Although Cree singer and community activist Iskwē wasn’t able to perform at the Juno Awards in Saskatoon on March 15 because they were cancelled due to the COVID-19 pandemic, she did perform in the Dare District on March 9 as part of the Students’ Association’s Intimate and Interactive event.

True to its name, the theme was Intimate and Interactive. Before the start of the event, when Iskwē was testing the mic and the sound system, there were 11 people. She got off stage and sat in the middle of the audience and performed acoustically with Laura C. Bates at the violin and Alex Mak at the guitar. She often performs with them at shows and concerts.

The audience members were eager to sit close to the singer and formed a circle around the performers.

NAMES and/or photo caption
Iskwē performed without the mic to sing acoustically, with Alex Mak and Laura C. Bates Photo credit: Hritika Jimmy

“Growing up, I knew I was Inuit,” said Terri O’Neill, a 25-year-old returning student for CSI. “Seeing what other people are doing is beneficial to help me learn more about Indigenous people in general, especially with the recent protests going on in British Columbia.”

Iskwē’s first song was Little Star. “It talks about the responsibilities of the media and what makes our [Indigenous community] strong and beautiful,” she said.
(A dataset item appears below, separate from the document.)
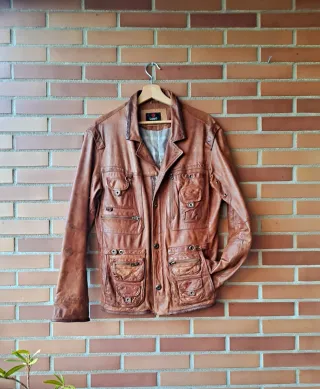 Giubbotto uomo cammello in pelle di pecora. Stile retrò vintage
After every performance, there was a window for the audience to ask Iskwē questions.

Eric Simms, a computer science technology student, was passing by when he heard her singing and someone motioned to him to come inside.

“It was kind of nice that we got to ask her questions, and learnt how people came into Canada and how she became an idol,” said the 18-year-old. “The songs were very beautiful.”
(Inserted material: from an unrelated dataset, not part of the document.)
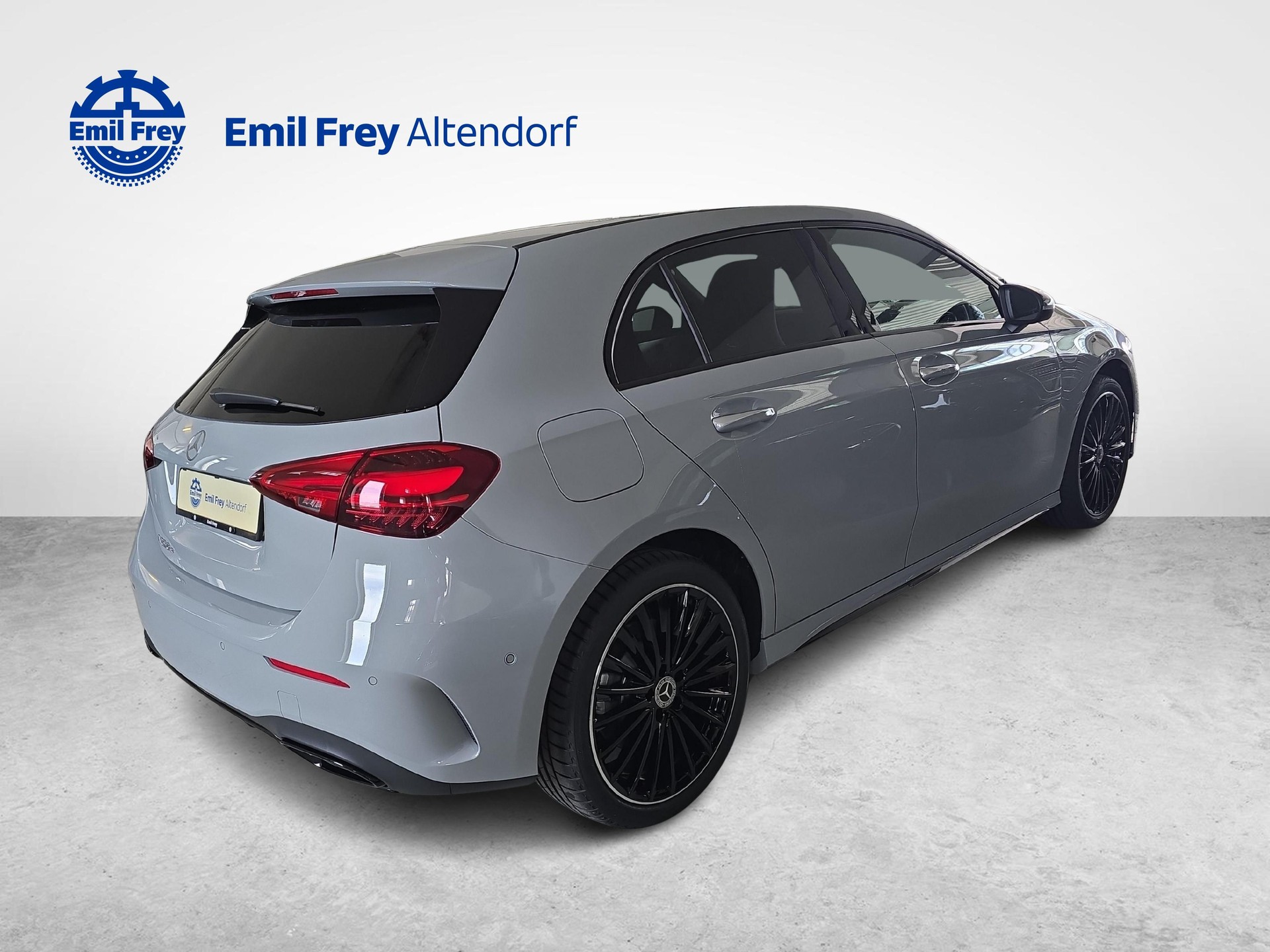 MERCEDES-BENZ A 250 e EQ Star AMG Line-image-4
Iskwē started as a dancer and went on to study visual arts and music in her 20s.

She is part of the Keychange Initiative, which is made up of 74 female artists who are seeking to achieve a 50:50 gender balance in festivals and music organizations.

“Female artists don’t need to be Beyonce or Lady Gaga to be in a headline,” Iskwē said.
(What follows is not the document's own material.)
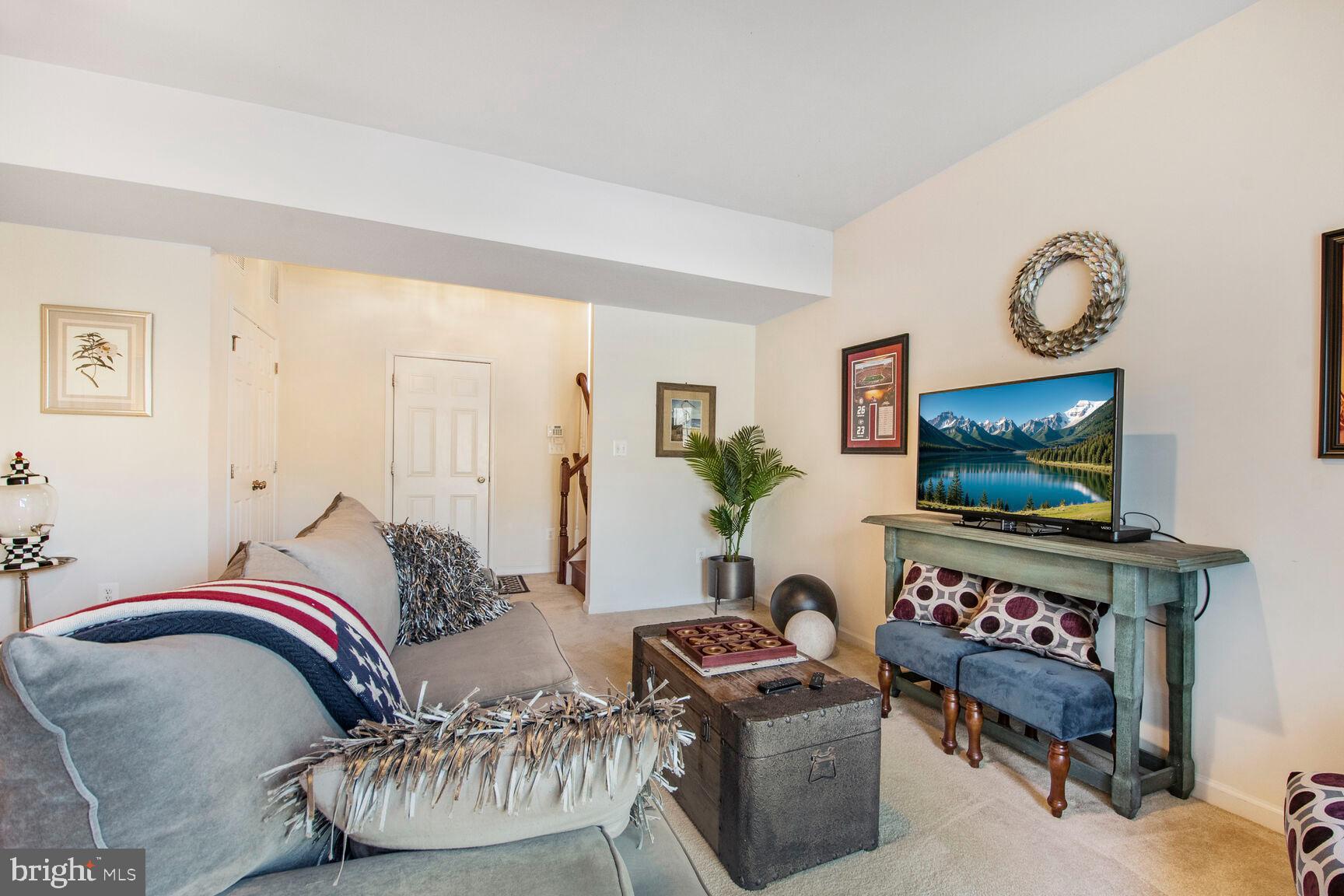 SOUTH RIDING - Residential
“It is such a good thing to be able to interact with the artist,” said Roman Singh, a 19-year-old journalism student. “You get to know more about them and if you like their music, you feel lucky to see and talk to them.”

Before the third performance, Singh expressed her admiration towards the artist and apologized for leaving. “They should arrange more interactive events like this but at the time when students can come and join in,” she said. “I had to come during the short break between classes and wasn’t able to attend for long.”

Iskwē was to perform at the Juno Awards on Sunday, March 15 in Saskatoon. Her performance was going to be a tribute to Colten Boushie and Tina Fontaine who passed away in 2018. She has also been nominated for the best music video of the year for her song, Little Star.